A New York grand jury has indicted Nehal Modi (pictured), the former CEO of Samuels Jewelers and Gitanjali USA, with grand larceny for allegedly defrauding diamond company LLD of $2.6 million.
According to the statement of facts from Manhattan D.A. Cy Vance Jr., in March 2015, Modi, then head of Noble Titan Holdings, approached the office of LLD—owned by diamond baron Lev Leviev—about buying nearly $800,000 worth of diamonds on credit, claiming that he wanted to sell them to Costco.
The D.A. charged that none of the diamonds were sold to Costco, but that instead Modi pawned them at Modell Collateral Loans for a short-term loan.
In April and May of 2015, Modi took another $1 million in diamonds from LLD for purported sales to Costco, according to the D.A.’s statement. And while Modi did make some payments to LLD, he used the majority of the proceeds for personal use and other business expenses, prosecutors said—while explaining his failure to pay back the rest as resulting from a “Costco fulfillment error.”

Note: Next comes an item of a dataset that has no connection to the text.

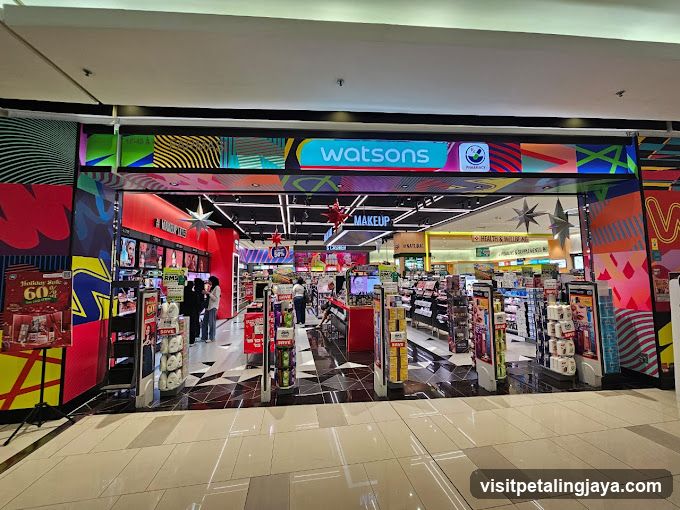 Watsons Paradigm Mall (Pharmacy)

In August 2015, LLD gave Modi more diamonds on consignment, this time requiring that Modi obtain prior authorization before making any sales, as he already owed the company nearly $1 million, the D.A. said. Modi pawned the majority of diamonds at Modell, and sold the remainder to various retailers at a steep discount from the listed consignment price, according to prosectors.
LLD had previously brought civil litigation against Modi. So far, he has paid back $1.2 million of the $2.6 million, according to the D.A.’s statement of facts.
Modi’s lawyer, Roger J. Bernstein, tells JCK: “This is in reality a commercial dispute. The district attorney’s charges are only allegations, not facts, and my client has pled not guilty because he is not guilty.”
Modi is the stepbrother of noted diamond trader Nirav Modi, who has been charged with defrauding India’s Punjab National Bank of $2 billion. Nirav is currently in custody in London. Their uncle, Mehul Choksi, former chairman of Samuels’ parent company Gitanjai, has also been charged with bank fraud.
Like his brother and uncle, Nehal also faces legal trouble in India. In 2019, he was reportedly charged with funneling his brother’s bank loan to Bailey Banks & Biddle, the U.S. retailer that has since gone out of business.
Bernstein responds: “As to the charges in India that have brought against dozens of people in dragnet fashion, [Nehal Modi] was never a party to the bank transactions there and is not guilty of any wrongdoing.”
Samuels, once one of the largest jewelers in the United States, liquidated in 2019.
This story has been updated with a response from Modi’s lawyer.